Indeed, Underseer's problem isn't with hypotheses that explain everything; It is with hypotheses that explain anything.

And while quantum physics provides the foundation for understanding of suffering, it cannot be used directly to do that - the maths would be impossible. As you point out, there are several levels of approximation between QM and suffering, including (but not necessarily limited to) Chemistry, Biology, Evolution and probably Sociology and Economics too, if it is human suffering that we are interested in. Each more vague, but more amenable to calculation, than the last.
 
  1. As you point out, QM does not explain everything.
  2. Anything that explains everything explains nothing. Example: if God is responsible for everything, then saying "God did it" has zero explanatory power. We can't actually use the "god did it" explanation to acquire new pieces of knowledge.
That it doesn't actually explain everything is beside the point -- it explains so close to everything that "everything" is a pretty accurate approximation. In particular, quantum physics explains chemistry, and chemistry explains evolution, and evolution explains the suffering in the world.

As to your second point, you're equivocating on "explains everything". When we figure out quantum gravity and what a measurement is and any other observed phenomena QM currently might leave unexplained, and quantum physics really does explain everything, that won't make it explain nothing. That will make it awesome for acquiring new pieces of knowledge. The sense of "explains everything" that implies "explains nothing" is the sense that refers to hypotheses that are consistent with all imaginable observations, not the sense that refers to hypotheses that distinguish the actual observations from the merely imaginable ones. The former have an explanation for all that we see, but they would still have an explanation for all that we see even if we saw something completely different. That's not QM. There are all manner of possible observations we don't see, that QM would have no explanation for if we did see them. QM is falsifiable; it's hypotheses that "explain everything" merely because they're unfalsifiable that explain nothing.

Indeed, Underseer's problem isn't with hypotheses that explain everything; It is with hypotheses that explain anything.

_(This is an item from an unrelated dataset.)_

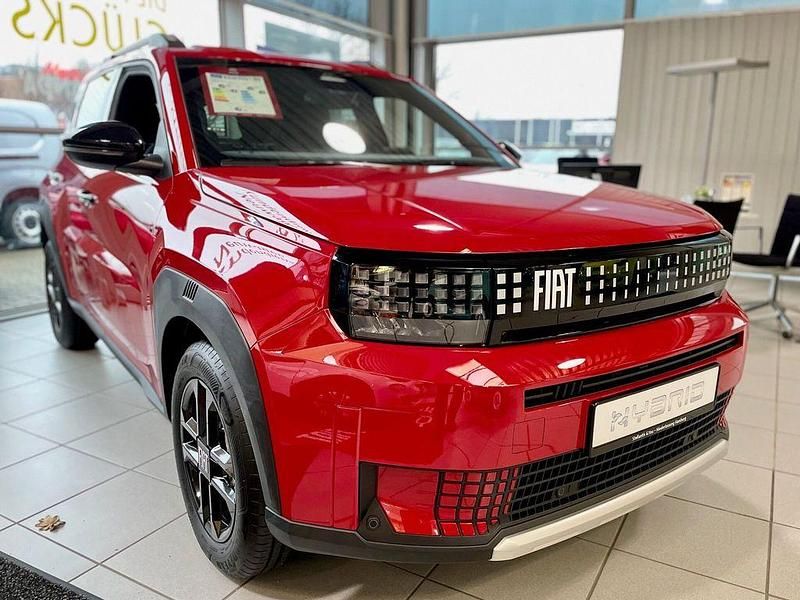 Neu Fiat Grande Panda Icon 110 PS (80 kW) 2026 Rot Kleinwagen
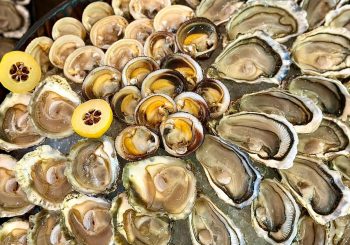 Приглашаем на мастер-класс по морепродуктам и устрицам, который проведет для вас чемпион мира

And while quantum physics provides the foundation for understanding of suffering, it cannot be used directly to do that - the maths would be impossible. As you point out, there are several levels of approximation between QM and suffering, including (but not necessarily limited to) Chemistry, Biology, Evolution and probably Sociology and Economics too, if it is human suffering that we are interested in. Each more vague, but more amenable to calculation, than the last.

You missed neuroscience. That's kind of an important step, and a place where we currently have an awful lot of gaps in our understanding.

But otherwise, yeah.

I'm mostly mocking "first cause" arguments in general.

The moment a scientist starts invoking "God did it" as an explanation for natural phenomena is generally the moment they stop producing anything of value scientifically. We can technically say "God did it" explains everything, but unlike a proper scientific idea, it cannot lead to new pieces of knowledge. It doesn't lead to new questions, but rather it ends a line of questioning.